**RECORDS SUPPLIED**
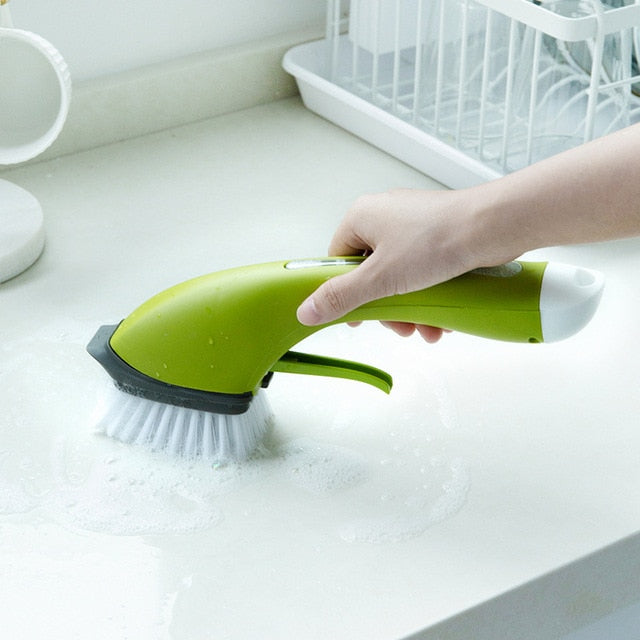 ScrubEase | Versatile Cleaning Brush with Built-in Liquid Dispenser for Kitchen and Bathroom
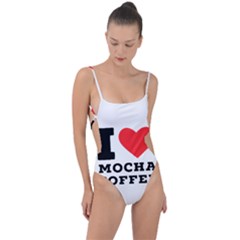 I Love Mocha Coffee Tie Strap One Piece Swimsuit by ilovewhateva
* * *
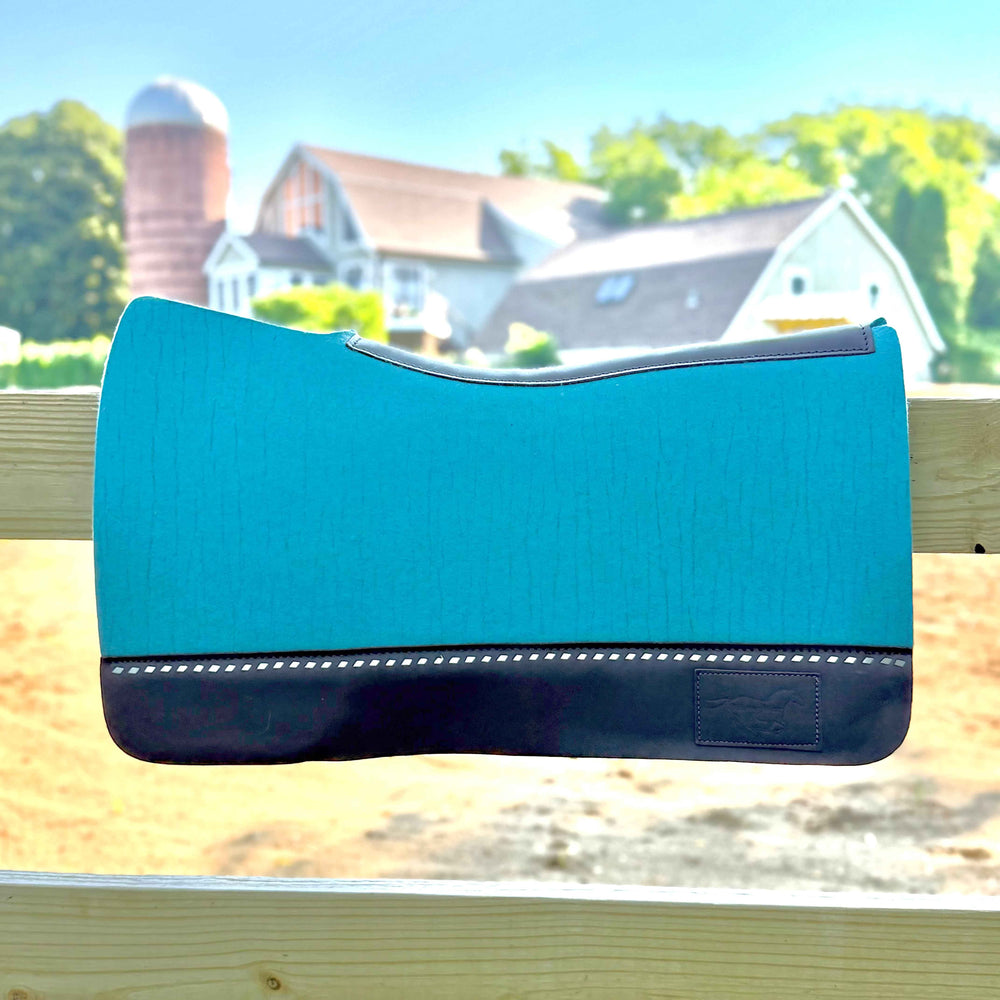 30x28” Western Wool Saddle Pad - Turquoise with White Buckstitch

**WORK REQUEST**
Starting at the line that contains "ScrubEase | Versatile" and ending at the line that contains "I Love Mocha", transcribe the material above exactly, excluding pictures.

**EXERCISE SOLUTION**
 ScrubEase | Versatile Cleaning Brush with Built-in Liquid Dispenser for Kitchen and Bathroom
 I Love Mocha Coffee Tie Strap One Piece Swimsuit by ilovewhateva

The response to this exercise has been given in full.